Because of its backward correction, the continuous NKDE is recursive in nature and can hardly be presented as an equation. Okabe and Sugihara (2012) describe this method with a recursive function, implemented in spNetwork. Indeed, for each node encountered, a correction factor must be applied to all the previous edges traveled within the remaining bandwidth, and this correction must also be split between all the nodes encountered in that direction. In comparison, for the two previous methods, the algorithm only has to flow in one direction along the edges from the event. As a consequence, much more iterations are required for the continuous NKDE. More specifically, Okabe et al. (2009) state that the complexity of the discontinuous (and by extension, of the simple) NKDE algorithm is \(O(nn_L)\) with \(n_L\) the number of edges and \(n\) the number of events. For the continuous NKDE, the complexity of the algorithm is a function of the ratio of the bandwidth and the length of the edges. For this algorithm, Okabe et al. (2009) observed that the computation time has the following lower limit (equation (7)):

\[\begin{aligned} \prod^{i_{max}}_{i=1}(bw-d)/(d_{i+1}-d_i), \label{eq7} \end{aligned} \tag{7}\] with \(d_i\) the distance from an event to the ith-nearest node, and \(i_{max}\) the last node verifying \(d_i < bw\). In other words, having many short edges in a network or using a larger bandwidth will increase the calculation time exponentially for the continuous NKDE.

The pros and cons of the three methods are summarized in Table 1.

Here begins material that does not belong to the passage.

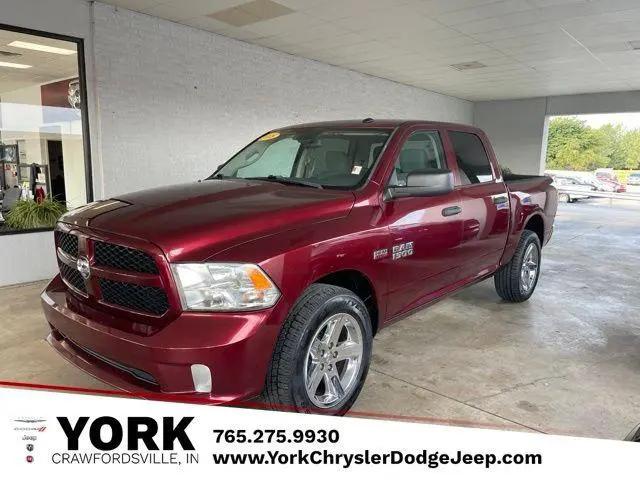 2018 Ram 1500 Express Crew Cab 4x4 5'7" Box for sale in Greencastle, IN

Table 1: Pros and cons of the three NKDE.
Method	Pros	Cons
Simple NKDE	Continuous / Easy calculation	Biased, not a true kernel
Discontinuous NKDE	Unbiased / Easy calculation	Discontinuous
Continuous NKDE	Unbiased / Continuous	Time consuming

The two KDE extensions presented in section 2 (adaptive bandwidth and edge correction) can be directly transposed to these three NKDE methods.

4 Implementation in spNetwork

The spNetwork package contains two “high- level functions” and three “helper functions”. The “high level functions” nkde and nkde.mc can be used to calculate the three NKDE presented in the previous section. Both functions use exactly the same parameters, nkde.mc is a version of nkde allowing for multiprocessing via the package future (Bengtsson 2020a). The three main inputs are:

lines, a “SpatialLinesDataFrame” (object defined in the sp package), representing the lines of the network.
events, a “SpatialPointsDataframe” (object defined in the sp package), representing the realizations of the spatial process.
samples, a “SpatialPointsDataframe” providing the locations where the density must be estimated.

These three inputs must only have simple and valid geometries and the same coordinates reference system. Otherwise, an error is raised by the function before starting any calculation. The parameters method, kernel_name and bw, indicate respectively which NKDE (simple, discontinuous, or continuous), and which kernel function (gaussian, quartic, triweight, etc.) to use, and the bandwidth of the kernel. adaptive and diggle_correction allow the user to specify if an adaptive bandwidth and Diggle’s correction must be calculated. Finally, the remaining parameters control the geometric precision of the network and the optimization aspects.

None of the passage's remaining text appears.